From hospital to hotel

Plans are in the works for the historic Shaare Zedek building on Jaffa Road.

The Shaare Zedek hospital's building (photo credit: SIR KISS/WIKIMEDIA COMMONS)
The Shaare Zedek hospital's building
(photo credit: SIR KISS/WIKIMEDIA COMMONS)
Within less than three months – by March 31, to be exact – the renovated building on Jaffa Road that houses the management offices of the Israel Broadcasting Authority will be evacuated.
According to sources at the municipality and the Jerusalem Development Authority, the building, which was originally built as Shaare Zedek, the first Jewish hospital in Jerusalem outside the Old City, may be turned into a boutique hotel within the framework of renewal projects for the city center.
Shaare Zedek, the city’s first modern hospital, was built in 1890, its path smoothed by a special permit from the Ottoman governor. The structure was inaugurated in 1902. The director, Prof.
Moshe Wallach (who held the position until 1947), was a haredi man who had studied medicine in Germany before establishing himself in Jerusalem. Almost a century later, in 1980, the new Shaare Zedek Medical Center was inaugurated at the corner of Ramat Beit Hakerem and Bayit Vagan.

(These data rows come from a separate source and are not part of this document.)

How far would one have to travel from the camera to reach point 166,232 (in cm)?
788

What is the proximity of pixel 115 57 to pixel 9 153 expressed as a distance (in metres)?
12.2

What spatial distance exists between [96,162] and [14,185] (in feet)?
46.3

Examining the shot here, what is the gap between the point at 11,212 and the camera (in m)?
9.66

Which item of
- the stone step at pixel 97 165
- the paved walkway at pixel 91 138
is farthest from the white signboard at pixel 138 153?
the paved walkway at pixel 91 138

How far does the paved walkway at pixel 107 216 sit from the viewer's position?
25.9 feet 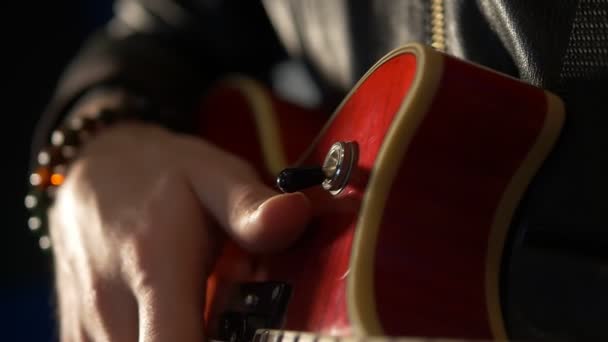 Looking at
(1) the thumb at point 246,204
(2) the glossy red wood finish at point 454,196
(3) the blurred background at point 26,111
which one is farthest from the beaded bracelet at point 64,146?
(3) the blurred background at point 26,111

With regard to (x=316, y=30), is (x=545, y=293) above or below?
below

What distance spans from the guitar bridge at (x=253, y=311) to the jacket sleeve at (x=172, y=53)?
32 centimetres

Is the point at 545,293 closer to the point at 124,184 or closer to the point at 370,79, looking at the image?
the point at 370,79

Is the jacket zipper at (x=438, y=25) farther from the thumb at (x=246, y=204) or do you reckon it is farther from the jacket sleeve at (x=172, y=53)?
the jacket sleeve at (x=172, y=53)

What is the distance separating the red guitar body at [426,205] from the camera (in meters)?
0.33

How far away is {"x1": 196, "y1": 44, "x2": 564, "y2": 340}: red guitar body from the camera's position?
0.33 meters

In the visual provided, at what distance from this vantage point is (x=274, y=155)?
1.93 feet

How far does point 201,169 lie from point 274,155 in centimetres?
10

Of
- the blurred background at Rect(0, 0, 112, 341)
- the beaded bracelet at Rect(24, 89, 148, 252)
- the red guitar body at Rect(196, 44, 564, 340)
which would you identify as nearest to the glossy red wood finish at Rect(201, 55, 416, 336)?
the red guitar body at Rect(196, 44, 564, 340)

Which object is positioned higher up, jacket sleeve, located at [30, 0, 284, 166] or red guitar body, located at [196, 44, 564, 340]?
jacket sleeve, located at [30, 0, 284, 166]

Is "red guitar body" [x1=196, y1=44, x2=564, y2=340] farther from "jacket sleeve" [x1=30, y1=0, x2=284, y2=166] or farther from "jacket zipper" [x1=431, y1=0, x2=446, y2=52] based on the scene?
"jacket sleeve" [x1=30, y1=0, x2=284, y2=166]

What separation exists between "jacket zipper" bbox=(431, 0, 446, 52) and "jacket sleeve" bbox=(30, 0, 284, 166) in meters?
0.32

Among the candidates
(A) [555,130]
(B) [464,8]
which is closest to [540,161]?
(A) [555,130]

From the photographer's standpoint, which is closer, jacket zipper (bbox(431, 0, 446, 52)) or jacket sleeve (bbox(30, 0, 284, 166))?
jacket zipper (bbox(431, 0, 446, 52)) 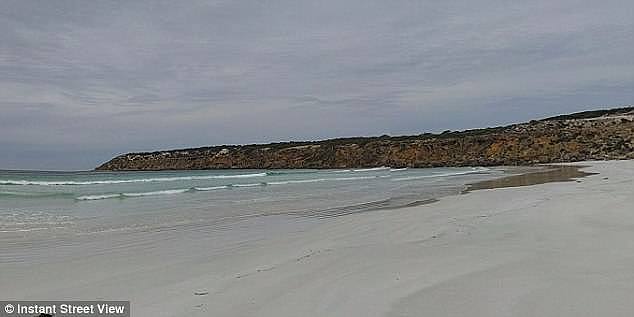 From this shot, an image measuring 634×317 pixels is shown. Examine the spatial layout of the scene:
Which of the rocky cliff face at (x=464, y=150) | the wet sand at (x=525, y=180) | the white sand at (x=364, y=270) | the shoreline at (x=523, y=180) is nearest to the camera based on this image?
the white sand at (x=364, y=270)

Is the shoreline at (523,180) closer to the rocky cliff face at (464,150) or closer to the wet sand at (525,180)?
the wet sand at (525,180)

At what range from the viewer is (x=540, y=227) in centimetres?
745

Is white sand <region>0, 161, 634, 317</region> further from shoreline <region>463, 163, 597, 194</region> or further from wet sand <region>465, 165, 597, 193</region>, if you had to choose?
wet sand <region>465, 165, 597, 193</region>

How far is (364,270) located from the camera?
200 inches

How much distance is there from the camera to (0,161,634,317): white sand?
3842 mm

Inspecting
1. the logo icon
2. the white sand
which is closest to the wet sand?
the white sand

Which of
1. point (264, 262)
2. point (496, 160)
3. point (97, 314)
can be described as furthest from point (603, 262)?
point (496, 160)

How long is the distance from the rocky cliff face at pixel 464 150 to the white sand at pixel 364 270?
136 feet

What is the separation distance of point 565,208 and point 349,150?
2297 inches

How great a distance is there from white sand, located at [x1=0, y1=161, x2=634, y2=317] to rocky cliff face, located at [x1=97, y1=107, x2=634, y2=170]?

Shaare Zedek was built because Ashkenazi and Sephardi Jews didn’t trust each other in regard to obtaining the best medical treatment.
There were already three Jewish hospitals in the city: Rothschild; Bikur Holim (founded in the second half of the 19th century and moved in 1925 to Straus Street); and Misgav Ladach (built in 1959). All three were built inside the Old City, with Shaare Zedek being the first outside the walls, on Jaffa Road.
Bikur Holim was founded and managed by a Sephardi organization, and Ashkenazi Jews felt mistreated, so the decision was made to establish a modern hospital of their own. The building, planned by German architect Theodor Zandell, comprised two wings connected in the middle by a third part, surrounded by a garden in which medicinal herbs were grown, with its own wells and 20 cows that provided dairy products for the staff and patients.
Shaare Zedek was also the site of the first political murder in Israel. In the early morning of June 30, 1924, Jacob Israel De Haan – a Jew from the Netherlands who had come to the Land of Israel as a Zionist but became haredi and an extreme anti-Zionist – was shot. De Haan had planned to go to London the following day with a delegation of the Eda Haredit to testify against the Zionist Movement and try to cancel the Balfour Declaration of 1917 – a project that in the eyes of the haredim gave official standing to the Zionists. The murder has never been solved, but most scholars and researchers of the time agreed that two prominent figures in the Hagana – Avraham Tehomi (who later became a founder of the Irgun Zva’i Leumi) and Avraham Giora – shot the three bullets that killed De Haan.
Since 1980 the beautiful Shaare Zedek building had been abandoned, despite its being classified as a historical structure designated for preservation, as it served as collateral for the loans the hospital management had to take from five banks to meet its financial needs. In May 1995 the rights to the estate were given to the IBA, which began a major renovation project within the limitations of its classification, and moved its management offices there. And now comes the next stage in the building’s history, with its being handed over to the Israel Lands Authority as part of the large operation to refurbish the IBA.
Deputy Mayor Ofer Berkowitz, who has been deeply involved in the IBA’s decision to relocate after closing down and reopening as a new authority, says his major concern was to prevent the IBA from moving out of Jerusalem.
Following heavy pressure from Mayor Nir Barkat and Berkowitz, as well as other considerations, the new IBA will debut on March 31 and remain in the city.
Berkowitz explains that the old Shaare Zedek building was a major factor in the attempts to find an alternative solution for the location of the new IBA.
“We presented plans for the future functions of the building; one of them has been approved and is, in fact, a combination solution to find a use for the building and another location for the IBA in Jerusalem. The plan approved by the Interior Ministry’s district planning committee includes a boutique hotel and spaces for business and leisure in the compound,” he says.